* _Your goal_
Repeat the data exactly. Pictures are not part of the copy.

* _Recorded data_

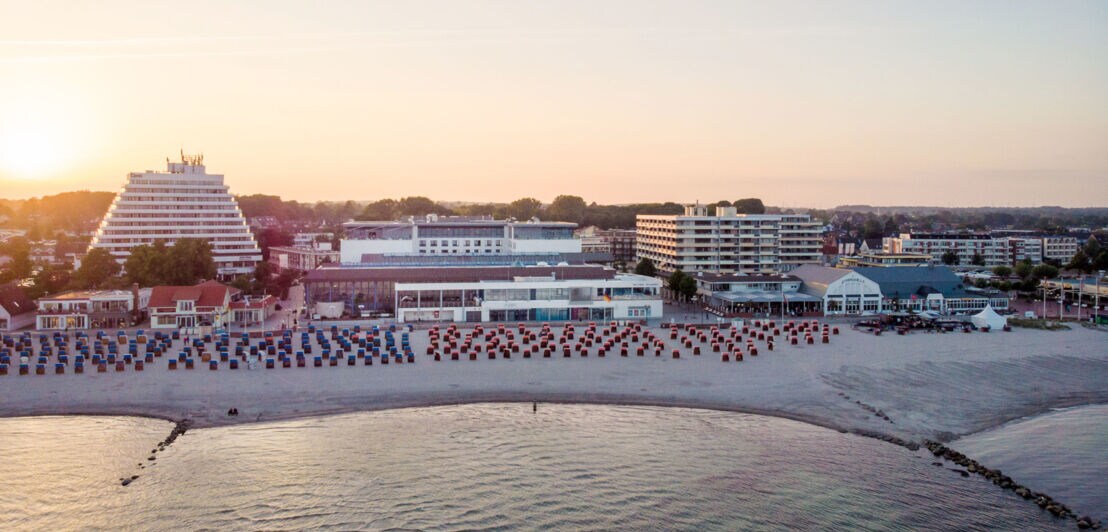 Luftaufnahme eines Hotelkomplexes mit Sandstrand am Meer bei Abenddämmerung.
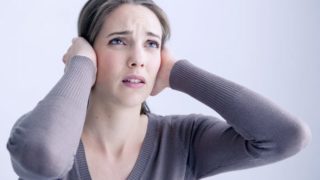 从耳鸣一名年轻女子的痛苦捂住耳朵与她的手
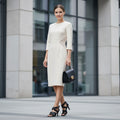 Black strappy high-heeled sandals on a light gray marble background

* _Expected output_
 Luftaufnahme eines Hotelkomplexes mit Sandstrand am Meer bei Abenddämmerung.
 从耳鸣一名年轻女子的痛苦捂住耳朵与她的手
 Black strappy high-heeled sandals on a light gray marble background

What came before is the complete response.